### Material provided:
---

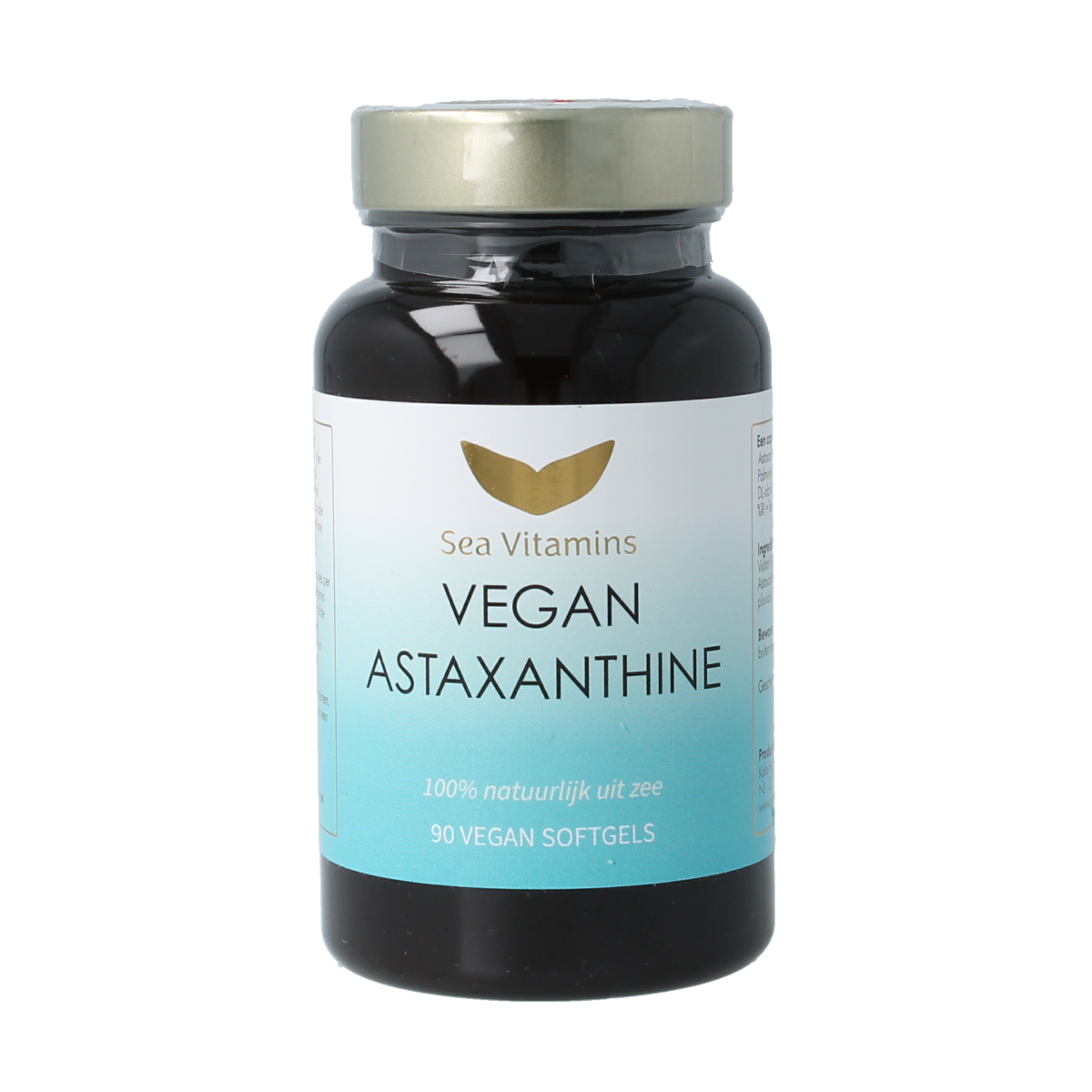 Sea Vitamins Astaxanthine vegan capsules, dietary supplement in vegetarian softgel form, showcasing the product packaging.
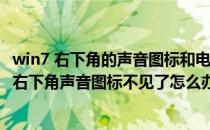 win7 右下角的声音图标和电源图标不见了怎么办(win7电脑右下角声音图标不见了怎么办)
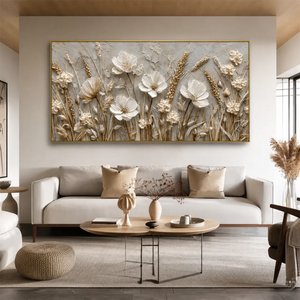 Ivory Meadow Relief Wall Art styled interior scene 2 | OILDECO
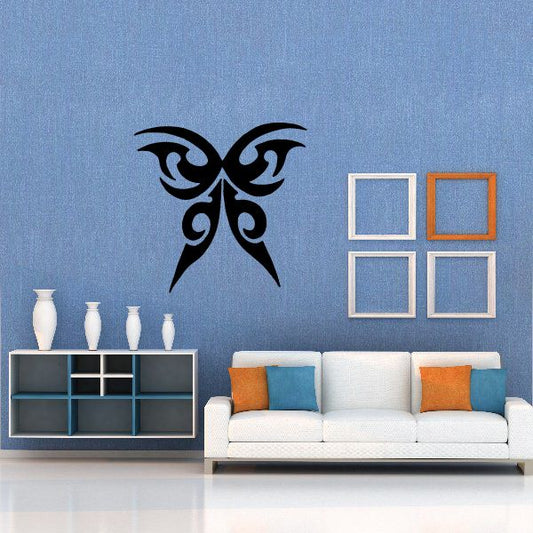 Image of Tribal Double Horn Seperated Butterfly Decal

---

### About this exercise:
Write out every line above again exactly, with the pictures left out.

### Answer box:
 Sea Vitamins Astaxanthine vegan capsules, dietary supplement in vegetarian softgel form, showcasing the product packaging.
 win7 右下角的声音图标和电源图标不见了怎么办(win7电脑右下角声音图标不见了怎么办)
 Ivory Meadow Relief Wall Art styled interior scene 2 | OILDECO
 Image of Tribal Double Horn Seperated Butterfly Decal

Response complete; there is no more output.